**THE TASK**
What is wanted is every line below from the one with "HERMES Constance Epsom" up to and including the one with "Recover Yahoo Mail Hacked Account Password", retyped exactly, pictures excluded, nothing else.

**DATA PROVIDED**
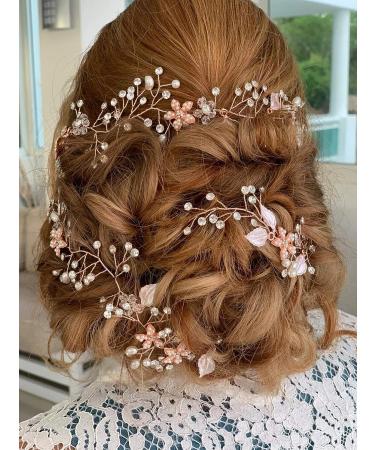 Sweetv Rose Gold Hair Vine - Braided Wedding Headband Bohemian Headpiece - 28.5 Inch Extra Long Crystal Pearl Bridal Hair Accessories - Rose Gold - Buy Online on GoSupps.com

--

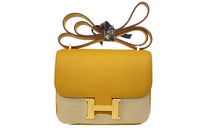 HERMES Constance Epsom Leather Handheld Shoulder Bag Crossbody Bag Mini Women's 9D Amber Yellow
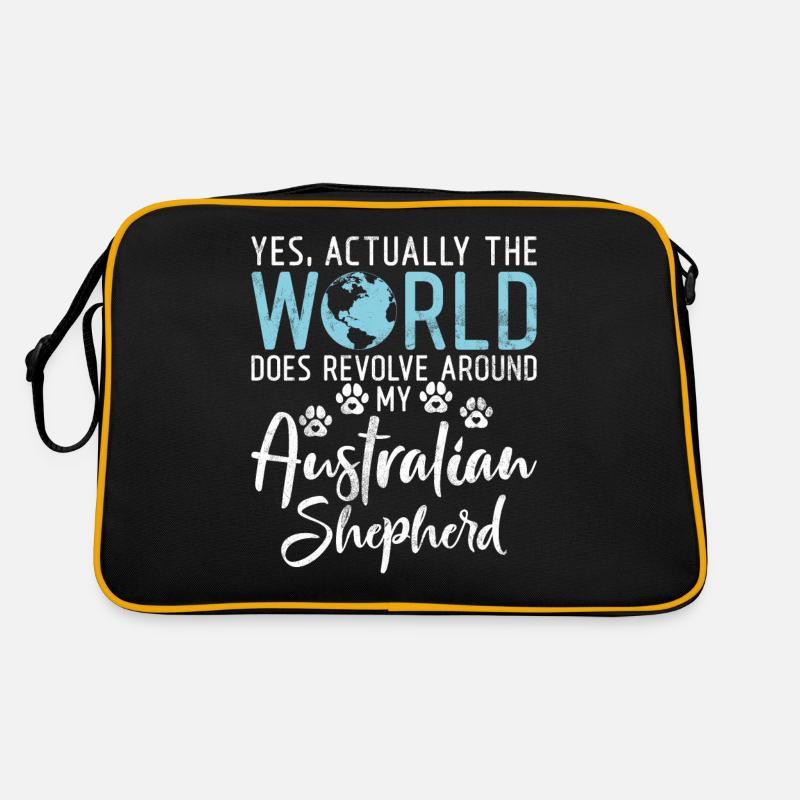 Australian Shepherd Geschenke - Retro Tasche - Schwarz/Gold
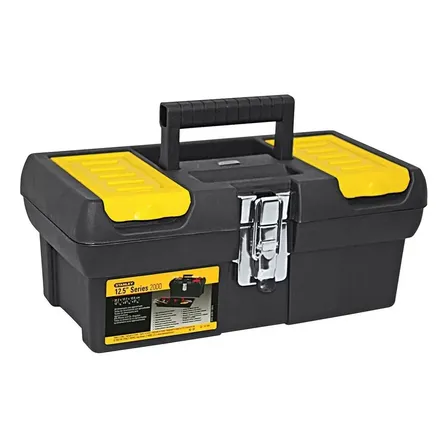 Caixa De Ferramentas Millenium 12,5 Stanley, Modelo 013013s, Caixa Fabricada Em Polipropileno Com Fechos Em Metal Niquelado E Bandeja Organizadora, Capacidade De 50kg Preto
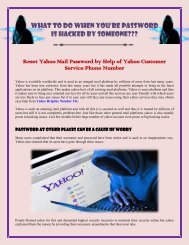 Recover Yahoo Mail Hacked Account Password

...

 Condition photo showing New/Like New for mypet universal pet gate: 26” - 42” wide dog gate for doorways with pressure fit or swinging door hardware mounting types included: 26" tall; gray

**ANSWER BOX**
 HERMES Constance Epsom Leather Handheld Shoulder Bag Crossbody Bag Mini Women's 9D Amber Yellow
 Australian Shepherd Geschenke - Retro Tasche - Schwarz/Gold
 Caixa De Ferramentas Millenium 12,5 Stanley, Modelo 013013s, Caixa Fabricada Em Polipropileno Com Fechos Em Metal Niquelado E Bandeja Organizadora, Capacidade De 50kg Preto
 Recover Yahoo Mail Hacked Account Password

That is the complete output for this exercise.